*Instructions for the task:* Every line from the beginning of the records below up to the one holding "175PCS Gold Plastic" should be quoted exactly; leave out the rest.

(Stored items from a collection)
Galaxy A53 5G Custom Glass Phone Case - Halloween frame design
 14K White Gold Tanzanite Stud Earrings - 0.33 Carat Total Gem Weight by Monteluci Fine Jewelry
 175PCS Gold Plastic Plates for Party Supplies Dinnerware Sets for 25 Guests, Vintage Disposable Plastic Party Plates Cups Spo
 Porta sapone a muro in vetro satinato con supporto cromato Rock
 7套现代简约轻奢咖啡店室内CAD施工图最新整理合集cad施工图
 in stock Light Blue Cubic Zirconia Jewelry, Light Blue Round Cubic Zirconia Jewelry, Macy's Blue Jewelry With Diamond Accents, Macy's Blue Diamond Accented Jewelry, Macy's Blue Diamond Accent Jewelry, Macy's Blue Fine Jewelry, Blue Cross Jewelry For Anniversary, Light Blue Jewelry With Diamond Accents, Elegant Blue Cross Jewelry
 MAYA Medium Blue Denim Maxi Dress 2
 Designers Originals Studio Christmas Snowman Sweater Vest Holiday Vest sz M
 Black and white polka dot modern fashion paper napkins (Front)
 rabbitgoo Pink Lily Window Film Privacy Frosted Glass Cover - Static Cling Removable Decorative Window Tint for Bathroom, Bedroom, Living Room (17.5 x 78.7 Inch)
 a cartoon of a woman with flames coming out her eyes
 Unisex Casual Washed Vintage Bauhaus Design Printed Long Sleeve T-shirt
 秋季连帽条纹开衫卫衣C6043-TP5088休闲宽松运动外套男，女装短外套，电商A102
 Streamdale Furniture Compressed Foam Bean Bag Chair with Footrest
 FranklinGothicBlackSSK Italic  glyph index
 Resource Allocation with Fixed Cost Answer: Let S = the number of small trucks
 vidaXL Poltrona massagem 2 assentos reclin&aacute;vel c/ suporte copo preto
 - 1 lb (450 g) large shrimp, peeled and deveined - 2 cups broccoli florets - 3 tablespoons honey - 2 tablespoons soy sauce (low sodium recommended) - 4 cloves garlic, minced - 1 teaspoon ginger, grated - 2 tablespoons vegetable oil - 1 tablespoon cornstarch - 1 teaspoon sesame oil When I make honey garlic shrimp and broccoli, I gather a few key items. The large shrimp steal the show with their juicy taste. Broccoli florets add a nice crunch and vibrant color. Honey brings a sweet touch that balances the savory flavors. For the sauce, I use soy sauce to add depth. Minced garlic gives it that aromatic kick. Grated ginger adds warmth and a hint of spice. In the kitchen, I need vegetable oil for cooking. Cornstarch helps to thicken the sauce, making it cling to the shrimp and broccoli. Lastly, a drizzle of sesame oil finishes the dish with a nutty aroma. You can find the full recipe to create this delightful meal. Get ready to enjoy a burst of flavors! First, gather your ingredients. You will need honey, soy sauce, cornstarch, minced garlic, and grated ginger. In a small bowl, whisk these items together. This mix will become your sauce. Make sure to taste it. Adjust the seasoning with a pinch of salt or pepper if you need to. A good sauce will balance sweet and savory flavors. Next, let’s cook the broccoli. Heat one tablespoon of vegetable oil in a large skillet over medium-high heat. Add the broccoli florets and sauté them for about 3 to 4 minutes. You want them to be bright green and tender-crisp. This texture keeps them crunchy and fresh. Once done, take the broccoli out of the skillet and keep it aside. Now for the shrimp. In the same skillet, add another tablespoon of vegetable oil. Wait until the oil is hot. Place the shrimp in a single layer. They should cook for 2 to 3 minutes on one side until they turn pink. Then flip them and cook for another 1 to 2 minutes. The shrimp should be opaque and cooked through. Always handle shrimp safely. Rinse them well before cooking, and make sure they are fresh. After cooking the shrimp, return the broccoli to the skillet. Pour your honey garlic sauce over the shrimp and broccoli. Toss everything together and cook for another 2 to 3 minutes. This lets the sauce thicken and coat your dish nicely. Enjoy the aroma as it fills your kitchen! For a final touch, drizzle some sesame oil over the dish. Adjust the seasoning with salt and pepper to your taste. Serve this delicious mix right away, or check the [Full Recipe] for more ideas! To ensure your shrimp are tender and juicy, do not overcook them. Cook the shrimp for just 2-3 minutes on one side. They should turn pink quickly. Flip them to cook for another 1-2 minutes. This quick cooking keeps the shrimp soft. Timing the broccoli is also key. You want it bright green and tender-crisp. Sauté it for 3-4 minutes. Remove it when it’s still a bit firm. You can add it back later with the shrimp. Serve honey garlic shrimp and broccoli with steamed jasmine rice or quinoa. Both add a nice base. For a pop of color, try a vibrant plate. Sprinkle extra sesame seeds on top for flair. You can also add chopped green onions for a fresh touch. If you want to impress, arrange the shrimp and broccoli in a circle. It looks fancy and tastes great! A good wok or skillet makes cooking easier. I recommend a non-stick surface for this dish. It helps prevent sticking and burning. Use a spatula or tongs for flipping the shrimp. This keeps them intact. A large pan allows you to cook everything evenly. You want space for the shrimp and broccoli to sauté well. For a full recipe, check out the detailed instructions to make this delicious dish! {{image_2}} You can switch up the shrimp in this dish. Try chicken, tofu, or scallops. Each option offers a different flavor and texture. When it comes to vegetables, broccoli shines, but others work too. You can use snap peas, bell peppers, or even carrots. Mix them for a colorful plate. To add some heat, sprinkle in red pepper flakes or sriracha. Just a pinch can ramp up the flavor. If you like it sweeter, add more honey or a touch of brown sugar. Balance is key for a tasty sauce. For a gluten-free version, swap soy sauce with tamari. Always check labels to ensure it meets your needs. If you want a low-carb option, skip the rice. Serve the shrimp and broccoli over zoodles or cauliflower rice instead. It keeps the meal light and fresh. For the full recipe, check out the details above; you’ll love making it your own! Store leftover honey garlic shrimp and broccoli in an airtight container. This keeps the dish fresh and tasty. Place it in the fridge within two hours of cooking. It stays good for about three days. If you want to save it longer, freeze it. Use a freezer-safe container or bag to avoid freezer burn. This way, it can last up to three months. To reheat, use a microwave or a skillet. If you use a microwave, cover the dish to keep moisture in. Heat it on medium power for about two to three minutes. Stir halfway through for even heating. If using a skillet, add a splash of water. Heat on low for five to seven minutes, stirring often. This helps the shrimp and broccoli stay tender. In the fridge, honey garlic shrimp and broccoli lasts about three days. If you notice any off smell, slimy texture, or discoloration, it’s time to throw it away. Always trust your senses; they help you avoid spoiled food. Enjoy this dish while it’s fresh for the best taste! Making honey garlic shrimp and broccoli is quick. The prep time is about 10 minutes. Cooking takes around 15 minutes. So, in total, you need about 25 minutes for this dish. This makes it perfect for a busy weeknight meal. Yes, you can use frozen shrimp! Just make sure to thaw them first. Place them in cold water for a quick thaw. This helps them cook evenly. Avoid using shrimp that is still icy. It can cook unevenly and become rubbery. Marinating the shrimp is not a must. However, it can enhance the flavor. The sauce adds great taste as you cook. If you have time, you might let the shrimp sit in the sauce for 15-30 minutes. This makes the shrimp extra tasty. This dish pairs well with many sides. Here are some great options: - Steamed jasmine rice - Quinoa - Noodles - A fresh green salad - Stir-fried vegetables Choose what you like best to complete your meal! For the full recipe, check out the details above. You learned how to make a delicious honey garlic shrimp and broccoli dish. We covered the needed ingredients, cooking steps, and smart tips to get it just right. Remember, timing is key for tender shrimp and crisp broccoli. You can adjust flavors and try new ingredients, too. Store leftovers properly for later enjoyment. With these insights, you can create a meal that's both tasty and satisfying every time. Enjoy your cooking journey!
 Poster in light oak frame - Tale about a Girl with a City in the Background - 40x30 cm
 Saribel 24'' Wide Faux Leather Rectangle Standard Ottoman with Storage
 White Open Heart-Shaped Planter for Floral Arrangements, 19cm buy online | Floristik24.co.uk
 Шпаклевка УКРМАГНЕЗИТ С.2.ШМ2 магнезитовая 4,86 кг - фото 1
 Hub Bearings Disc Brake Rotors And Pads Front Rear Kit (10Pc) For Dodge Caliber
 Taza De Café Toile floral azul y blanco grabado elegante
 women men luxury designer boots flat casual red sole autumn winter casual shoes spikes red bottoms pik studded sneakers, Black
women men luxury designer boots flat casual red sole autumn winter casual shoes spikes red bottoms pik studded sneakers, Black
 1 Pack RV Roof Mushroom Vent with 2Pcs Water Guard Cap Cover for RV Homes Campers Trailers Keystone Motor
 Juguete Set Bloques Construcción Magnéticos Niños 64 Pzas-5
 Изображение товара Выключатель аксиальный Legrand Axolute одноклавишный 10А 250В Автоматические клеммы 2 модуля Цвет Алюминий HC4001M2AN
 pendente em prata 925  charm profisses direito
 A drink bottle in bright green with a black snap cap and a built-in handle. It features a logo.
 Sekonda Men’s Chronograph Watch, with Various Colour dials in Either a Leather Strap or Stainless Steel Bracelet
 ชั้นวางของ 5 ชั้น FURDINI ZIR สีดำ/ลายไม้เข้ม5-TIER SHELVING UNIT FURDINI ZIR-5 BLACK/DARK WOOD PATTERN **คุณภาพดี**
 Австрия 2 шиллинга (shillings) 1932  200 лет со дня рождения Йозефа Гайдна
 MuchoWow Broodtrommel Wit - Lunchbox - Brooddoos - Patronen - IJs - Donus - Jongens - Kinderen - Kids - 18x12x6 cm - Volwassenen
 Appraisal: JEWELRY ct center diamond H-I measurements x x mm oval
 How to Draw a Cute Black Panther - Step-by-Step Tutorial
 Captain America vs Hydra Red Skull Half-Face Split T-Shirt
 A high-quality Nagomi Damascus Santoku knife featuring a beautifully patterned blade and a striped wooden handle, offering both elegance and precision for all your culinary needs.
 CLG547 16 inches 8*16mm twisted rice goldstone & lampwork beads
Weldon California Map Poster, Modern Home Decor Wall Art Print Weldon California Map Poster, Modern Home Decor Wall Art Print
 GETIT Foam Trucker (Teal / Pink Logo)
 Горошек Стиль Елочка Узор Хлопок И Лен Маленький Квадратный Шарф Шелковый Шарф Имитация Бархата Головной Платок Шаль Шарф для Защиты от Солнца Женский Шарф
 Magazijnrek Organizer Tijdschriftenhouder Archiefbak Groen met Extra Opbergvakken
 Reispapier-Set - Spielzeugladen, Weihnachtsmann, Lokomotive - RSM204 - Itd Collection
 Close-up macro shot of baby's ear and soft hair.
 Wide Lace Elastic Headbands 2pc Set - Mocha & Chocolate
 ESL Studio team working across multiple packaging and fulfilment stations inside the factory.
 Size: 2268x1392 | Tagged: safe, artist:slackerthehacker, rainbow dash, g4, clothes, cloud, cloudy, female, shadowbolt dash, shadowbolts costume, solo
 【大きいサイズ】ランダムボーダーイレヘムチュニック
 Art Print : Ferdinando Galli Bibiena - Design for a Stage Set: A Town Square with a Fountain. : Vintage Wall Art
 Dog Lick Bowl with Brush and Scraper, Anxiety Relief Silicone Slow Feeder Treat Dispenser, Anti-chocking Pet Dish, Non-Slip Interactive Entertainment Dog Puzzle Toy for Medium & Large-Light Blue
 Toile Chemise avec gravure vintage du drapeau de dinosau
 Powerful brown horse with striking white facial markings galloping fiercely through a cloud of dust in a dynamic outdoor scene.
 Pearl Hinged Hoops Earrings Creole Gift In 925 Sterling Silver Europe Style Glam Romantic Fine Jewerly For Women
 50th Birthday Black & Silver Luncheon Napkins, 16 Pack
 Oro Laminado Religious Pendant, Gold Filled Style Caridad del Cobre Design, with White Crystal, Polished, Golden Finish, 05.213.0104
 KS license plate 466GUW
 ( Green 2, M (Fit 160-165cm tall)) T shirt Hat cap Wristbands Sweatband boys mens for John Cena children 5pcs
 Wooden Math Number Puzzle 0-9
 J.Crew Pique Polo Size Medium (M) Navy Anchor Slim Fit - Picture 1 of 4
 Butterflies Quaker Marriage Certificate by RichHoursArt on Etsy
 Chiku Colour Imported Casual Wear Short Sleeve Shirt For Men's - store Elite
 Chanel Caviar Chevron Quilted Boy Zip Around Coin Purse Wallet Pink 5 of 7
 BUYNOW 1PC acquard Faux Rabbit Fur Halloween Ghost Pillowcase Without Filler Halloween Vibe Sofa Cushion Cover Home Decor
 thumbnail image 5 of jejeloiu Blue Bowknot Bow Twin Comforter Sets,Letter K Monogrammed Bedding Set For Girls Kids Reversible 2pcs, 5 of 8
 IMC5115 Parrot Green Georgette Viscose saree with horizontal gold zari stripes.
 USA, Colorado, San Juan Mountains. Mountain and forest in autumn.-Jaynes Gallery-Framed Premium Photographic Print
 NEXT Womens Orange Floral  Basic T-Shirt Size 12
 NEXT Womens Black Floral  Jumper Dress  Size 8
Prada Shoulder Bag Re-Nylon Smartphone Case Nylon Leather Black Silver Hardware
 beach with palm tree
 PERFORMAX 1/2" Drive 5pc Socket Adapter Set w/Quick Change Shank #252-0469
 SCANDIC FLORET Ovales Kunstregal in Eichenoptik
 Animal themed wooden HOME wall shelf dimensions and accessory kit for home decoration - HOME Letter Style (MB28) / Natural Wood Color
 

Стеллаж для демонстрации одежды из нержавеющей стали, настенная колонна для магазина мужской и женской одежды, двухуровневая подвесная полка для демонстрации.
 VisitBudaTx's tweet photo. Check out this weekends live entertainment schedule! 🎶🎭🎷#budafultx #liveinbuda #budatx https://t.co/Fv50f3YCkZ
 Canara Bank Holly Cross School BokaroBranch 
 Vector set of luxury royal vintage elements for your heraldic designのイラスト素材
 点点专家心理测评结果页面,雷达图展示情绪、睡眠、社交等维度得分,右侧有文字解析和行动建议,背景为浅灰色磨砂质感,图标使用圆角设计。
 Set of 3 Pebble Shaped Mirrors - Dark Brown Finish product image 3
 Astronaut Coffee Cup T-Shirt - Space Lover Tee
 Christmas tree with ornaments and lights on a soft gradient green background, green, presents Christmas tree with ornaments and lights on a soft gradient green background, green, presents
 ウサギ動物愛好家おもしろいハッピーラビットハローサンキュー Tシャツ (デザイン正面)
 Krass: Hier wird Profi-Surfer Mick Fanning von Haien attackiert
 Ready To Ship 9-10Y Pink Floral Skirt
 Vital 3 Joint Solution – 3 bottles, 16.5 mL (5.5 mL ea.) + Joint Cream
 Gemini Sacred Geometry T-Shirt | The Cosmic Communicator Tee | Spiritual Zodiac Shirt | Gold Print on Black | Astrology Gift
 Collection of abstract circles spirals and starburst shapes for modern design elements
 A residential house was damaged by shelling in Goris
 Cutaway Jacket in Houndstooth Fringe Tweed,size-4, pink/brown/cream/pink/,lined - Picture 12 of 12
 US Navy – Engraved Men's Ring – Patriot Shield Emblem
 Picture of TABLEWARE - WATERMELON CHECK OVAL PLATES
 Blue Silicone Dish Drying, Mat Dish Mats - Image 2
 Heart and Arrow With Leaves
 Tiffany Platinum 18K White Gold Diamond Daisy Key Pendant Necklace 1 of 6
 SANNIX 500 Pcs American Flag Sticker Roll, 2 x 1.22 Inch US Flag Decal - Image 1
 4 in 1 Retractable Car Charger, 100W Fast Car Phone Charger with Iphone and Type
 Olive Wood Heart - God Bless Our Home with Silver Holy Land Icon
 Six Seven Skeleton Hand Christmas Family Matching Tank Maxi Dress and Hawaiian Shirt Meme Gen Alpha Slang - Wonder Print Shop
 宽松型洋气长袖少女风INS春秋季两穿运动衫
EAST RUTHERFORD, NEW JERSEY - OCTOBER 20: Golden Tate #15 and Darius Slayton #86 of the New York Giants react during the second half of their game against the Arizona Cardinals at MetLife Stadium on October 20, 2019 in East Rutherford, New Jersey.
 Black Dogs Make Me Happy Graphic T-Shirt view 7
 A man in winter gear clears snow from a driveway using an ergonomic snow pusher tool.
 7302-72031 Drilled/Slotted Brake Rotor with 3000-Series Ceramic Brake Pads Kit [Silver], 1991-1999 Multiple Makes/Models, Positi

*Output of the task:*
Galaxy A53 5G Custom Glass Phone Case - Halloween frame design
 14K White Gold Tanzanite Stud Earrings - 0.33 Carat Total Gem Weight by Monteluci Fine Jewelry
 175PCS Gold Plastic Plates for Party Supplies Dinnerware Sets for 25 Guests, Vintage Disposable Plastic Party Plates Cups Spo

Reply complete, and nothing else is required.